What remains to be done. It appears from the above provisions that the guiding principles of French legislation governing prison work respond on a number of essential points, and in an exemplary fashion, to the criteria set forth by the Committee so that work performed by a prisoner for a private enterprise can be assimilated to a free labour relationship and not come under the prohibitions set out in Article 1, paragraph 1, and Article 2, paragraphs 1 and 2(c), of the Convention. However, in certain respects, already noted in the Committee’s previous comments, the legislative provisions governing prison work still require amendments to this effect: firstly, with regard to the elimination of "the menace of any penalty", within the meaning of Article 2, paragraph 1, of the Convention, in the event of refusal to work; and secondly, amendments are necessary to ensure that the relationship between a prisoner working for a private enterprise and her or his employer is always covered by an employment contract, and not only in the case of certain categories of detainees.
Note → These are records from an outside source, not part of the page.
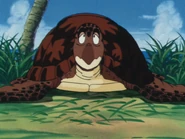 Turtles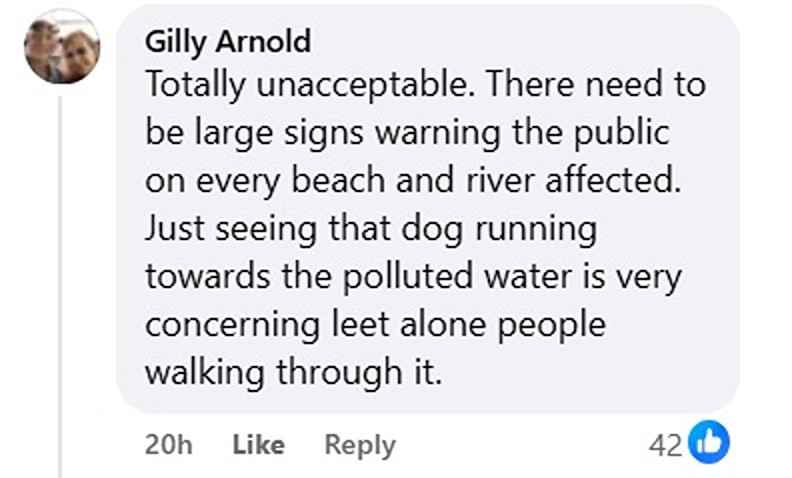 Social media comment on the post of MP Ben Maguire fumes as raw sewage pours onto Widemouth Bay beach in Bude during half-term. Children seen playing metres from brown discharge. Video watched 245,000 times.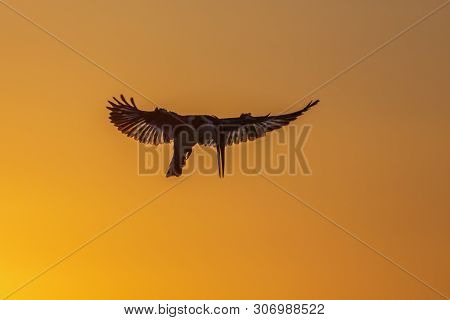 Pied Kingfisher Flying On Sunset In Kruger National Park, South Africa ; Specie Ceryle Rudis Family 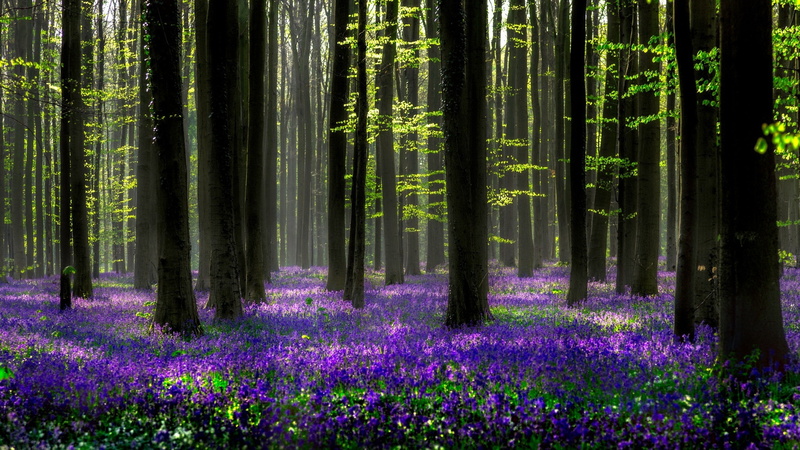Flower, Hyacinth, Forest, Nature, 1080P, Spring, Purple Flower, Flowers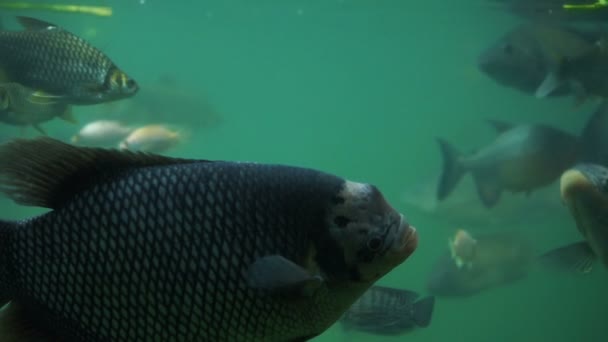 Slow Motion Muitos Peixes Estão Nadando Água — Vídeo de Stock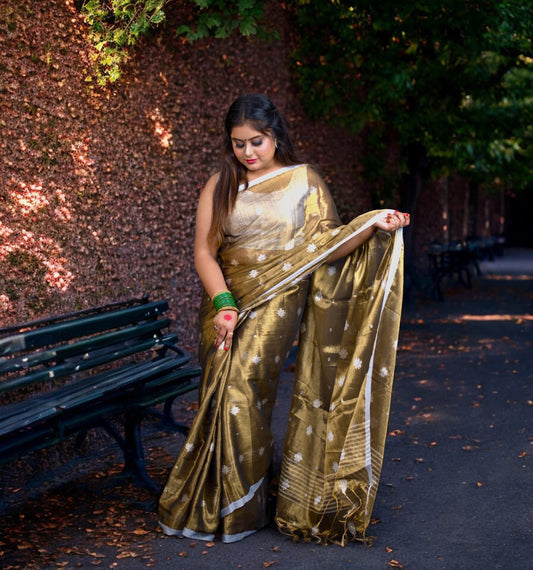 Copper Tissue Saree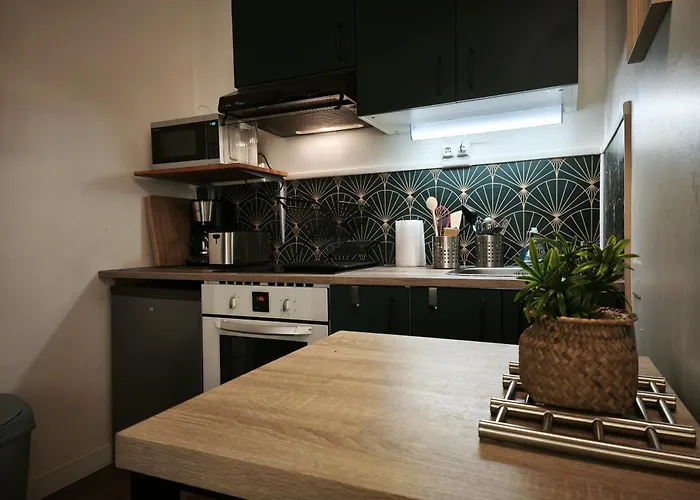 Le Petit Pontillard - Hypercentre - Face Opera&parcs Vichy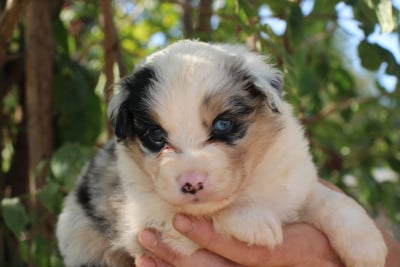 Les chiots de Berger Américain Miniature 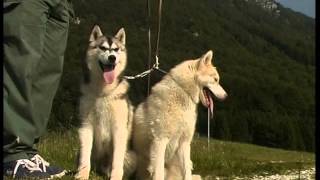 Documentaire Husky Siberien et Malamute d’Alaska
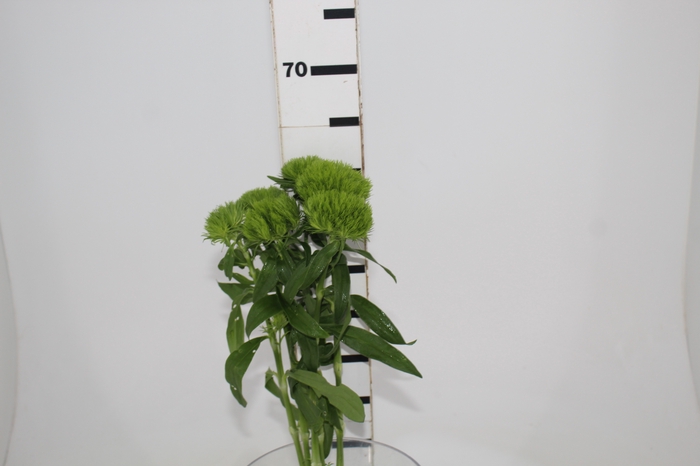 DIANTHUS GREEN BALL 050 CM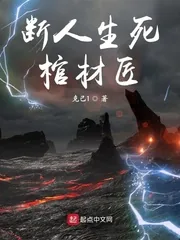 《断人生死棺材匠》小说封面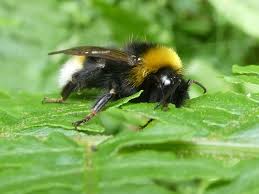Image result for Bombus vestalis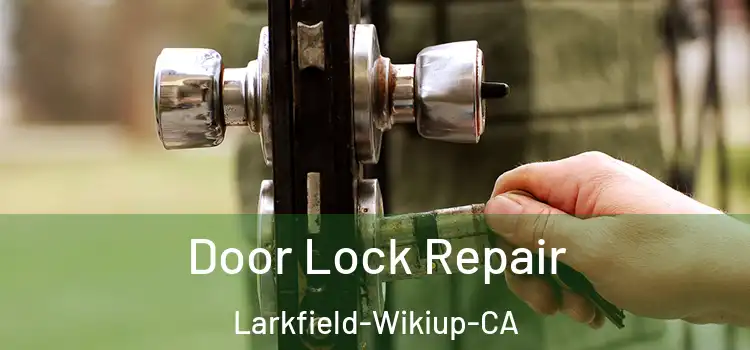 Door Lock Repair Larkfield-Wikiup-CA
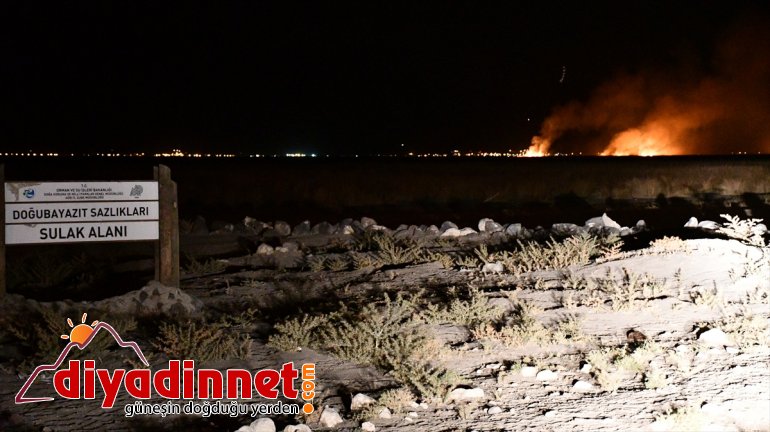 Sazlık alanda yangın - AĞRI4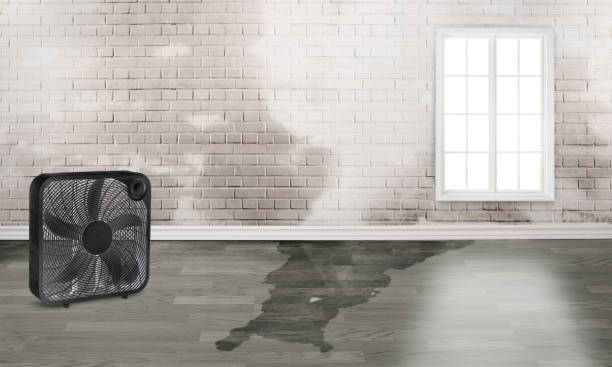 Best Commercial water damage restoration  in Bent Creek, NC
Furthermore, with reference also to its previous comments concerning remuneration for work and safety and health conditions, the Committee notes that the report of the Commission of Inquiry on the conditions of detention in prison establishments in France found a number of serious deficiencies in practice, some of which have a bearing on the observance of conditions under which the work of a prisoner can be assimilated to a free labour relationship. In all these respects, the Committee notes with interest the Government’s statement in its report that the Prime Minister committed the Government in November 2000 to two series of measures: a vast programme for the renovation of prisons with a view to a substantial improvement in the conditions of detention of prisoners, and the formulation of major legislation on the discharge of sentences. The Committee hopes that account will be taken in this exercise of the points mentioned above, which it develops in greater detail in a request addressed directly to the Government.

The Committee hopes that the Government will make every effort to take the necessary action in the very near future.